Lewan GeoConsulting, in partnership with students Keethikanand and Dr. Al Duhilian from the Colorado School of Mines, has tackled this matter through theoretical computations and experimental findings. These findings suggest that pressures reaching up to 10,000 psi can emerge during the peak of oil generation. The collaborative research also revealed that these generative pressures have the potential to not only create conjugate fractures but also open bedding planes. This occurs particularly when the source rock lacks sufficient confinement from equivalent lithostatic pressures or when it is not properly secured by a rigid metal clamp.
Assess whether thermal maturation affects isotope geochronology age determinations of source rocks.
Lewan GeoConsulting in Collaboration with Drs. Rooney and Selby have Provided a better understanding of the influence of thermal maturation induced by hydrous pyrolysis of ages determined by K/Ar and Os/Re isotope methods.
Assess the impact of thermal maturation on the reliability of oil correlation parameters like isotopes of H, C, and S, biomarker signatures, and alkane distributions.
Lewan GeoConsulting has expertise in evaluating the effects of thermal maturity on oil correlation parameters.

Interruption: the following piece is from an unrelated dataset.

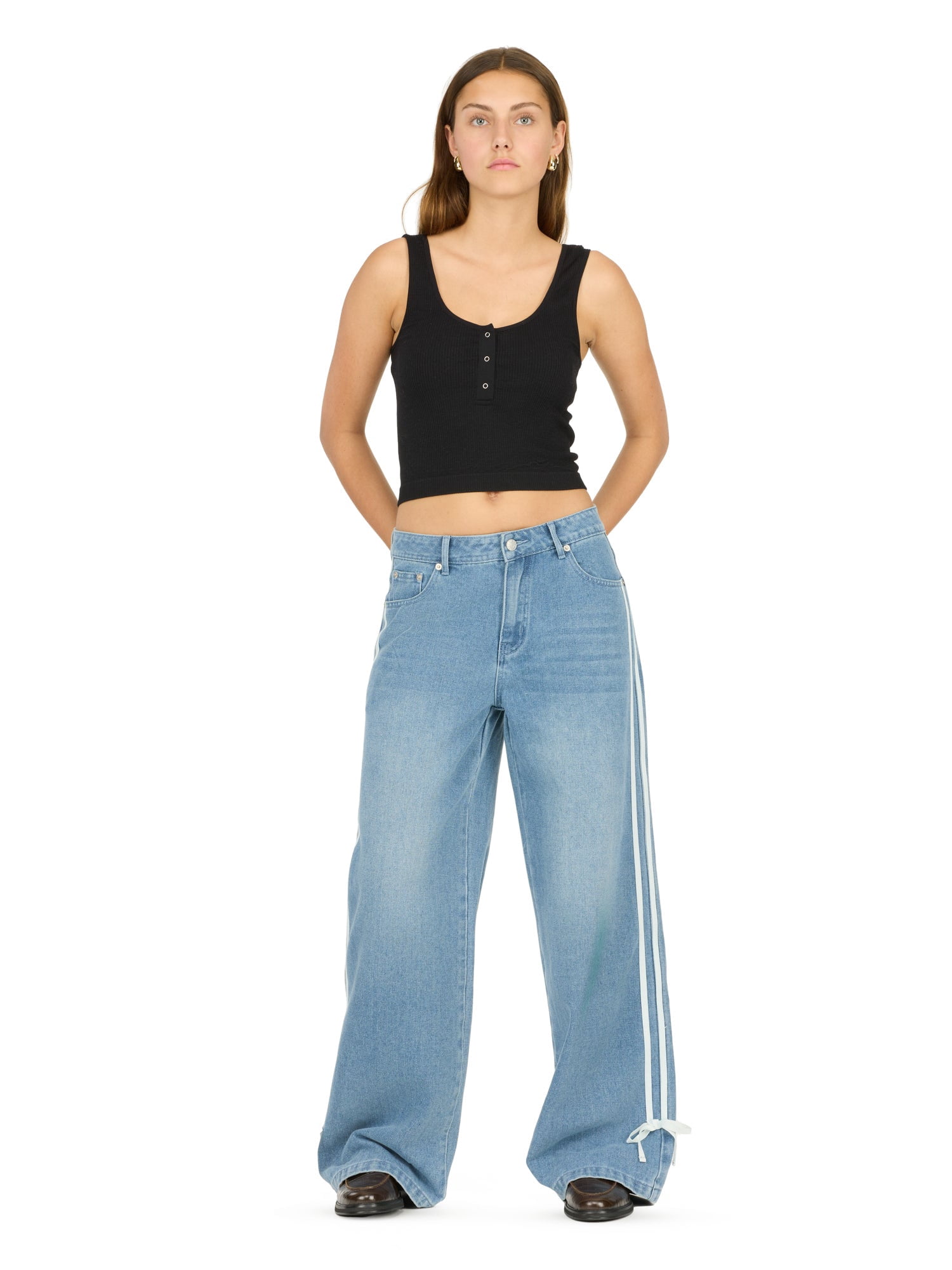 Forever 21 Women's Low Rise Baggy Fit Jeans with Side Stripes and Bow Accents, Sizes 0-14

True representative biomarker signatures are sometimes weakly bound into kerogen and are only revealed with at low thermal maturities generated by low-temperature, also some isomer biomarker ratios related to thermal maturation show a reversal with thermal maturation as first observed in hydrous pyrolysis experiments and latter observed in natural maturation. δ13C is controlled by the original source of organic matter, but the dD is controlled by the associated water δD during thermal maturation.
Class Offerings
Three half–day (3– to 4–hour) workshop on new insights on Petroleum Formation and Geochemistry to train managers and geological staff on new concepts and approaches to source rock characterization including thermal maturation, stages of petroleum formation, determining petroleum charge from and retained petroleum in maturing source rocks, and timing and extent of petroleum formation in petroleum systems.